English Teachers URGENTLY needed to fit in with a close-knit team of friendly teachers and students. Year-round position to the right person

Qualifications - TEFL Cert.

1 year experince minimum - Dip preferred

Needs to be local to Windsor

Compensation - £17 per hour

Of course, dodgy Paul does not even know what year it is, and fails the basic literacy test by spelling 'experience' wrong! Silly boy, Paul - you only had to copy the word from the form!

And despite apparently advertising for three teachers, he claims there's only ONE permanent position available TO the right person ... rather than FOR the right person.
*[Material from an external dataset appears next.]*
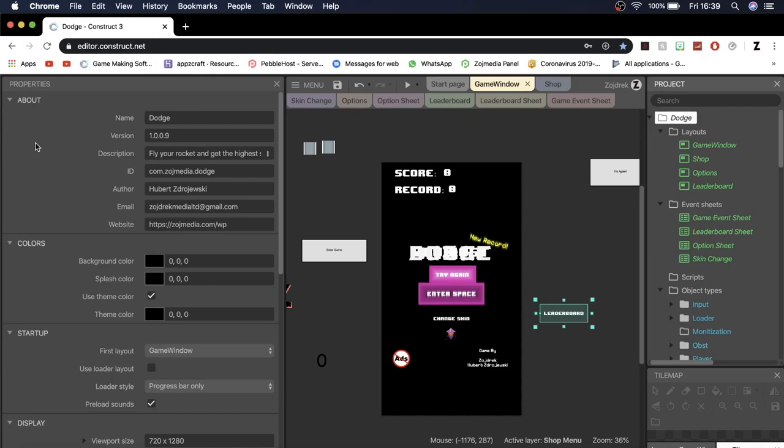Yo what's up guys it's your boy Zodrick and welcome to another tutorial video. In this video I'll be showing you guys how to export your Construct 3 project so that you can get it on a mobile, on an iPhone device.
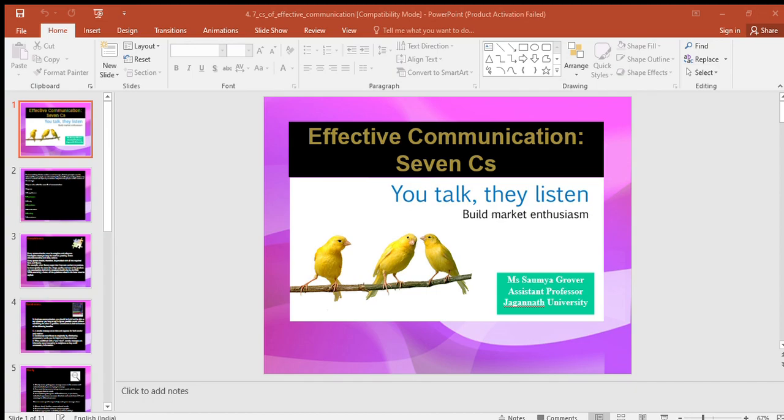Clarity implies emphasizing on a specific message or goal at a time, rather than trying to achieve too much at once. Clarity in communication has the following features: it makes understanding easier; complete clarity of thoughts and ideas enhances the meaning of the message; and a clear message makes use of exact, appropriate, and concrete words.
Sadly it appears that all those copywriting skills Paul presumably acquired during his years in the advertising business have been lost.

Anyway, if you fancy availing yourself of Paul's almost generous offer of 17 smackers for each hour of classroom capers - paid (hopefully) in a brown envelope at the end of the week - here's the number to call.
01753 858995
Just tell him that Sandy sent you. I'm sure he'll be delighted!

Sunday, February 26, 2012

Revolutionary Tefler Needed...

Pissed off you missed out on the Spanish Civil War by a few decades? Fancy Syria instead? Well, Inlingua can help you!

Jobs in Syria

inlingua Aleppo offers English Teaching jobs.

The teacher should be native speaker (American or British), reliable ,dynamic and able to teach both Business and General English.

For more information please contact us at:

Yes, I know that there are many Tefl Twerps who went off to teach in Spain after reading Orwell's 'Homage to Catalonia', and then returned home severely disheartened, after learning that the International Brigades had long been abandoned. Well, cheer up, fellahs, there's no reason to sit at home regretting that cruel twist of fate that led to you being born around 60 years too late!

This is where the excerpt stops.